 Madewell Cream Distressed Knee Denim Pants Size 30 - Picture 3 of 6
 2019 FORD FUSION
...
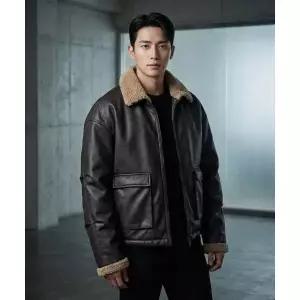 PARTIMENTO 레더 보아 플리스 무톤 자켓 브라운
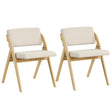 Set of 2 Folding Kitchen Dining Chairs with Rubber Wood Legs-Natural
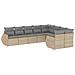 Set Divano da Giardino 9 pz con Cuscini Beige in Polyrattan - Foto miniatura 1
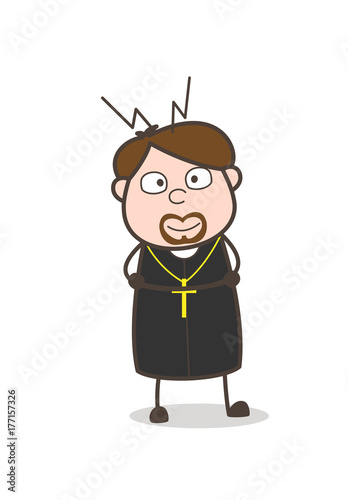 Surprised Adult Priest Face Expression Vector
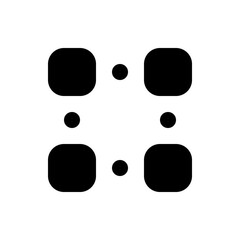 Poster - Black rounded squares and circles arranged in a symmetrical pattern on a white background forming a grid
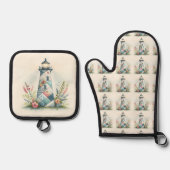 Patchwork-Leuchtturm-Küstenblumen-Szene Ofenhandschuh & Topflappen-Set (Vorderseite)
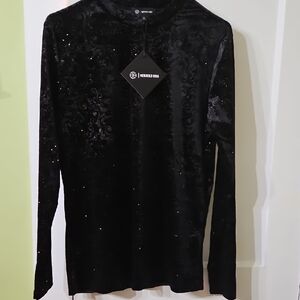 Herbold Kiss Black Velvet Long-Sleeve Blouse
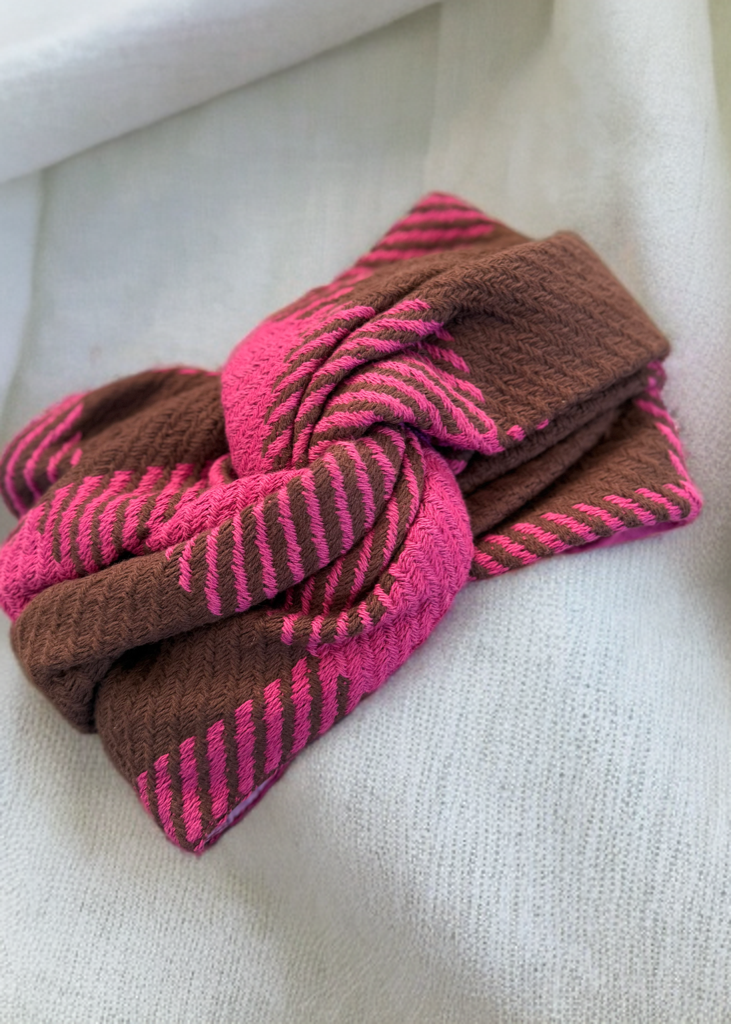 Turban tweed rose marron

**TASK PROMPT**
Leave out every line above except those from the line with "Madewell Cream Distressed" up to and including the line with "2019 FORD FUSION", and copy those exactly.

**SOLUTION TO THIS TASK**
 Madewell Cream Distressed Knee Denim Pants Size 30 - Picture 3 of 6
 2019 FORD FUSION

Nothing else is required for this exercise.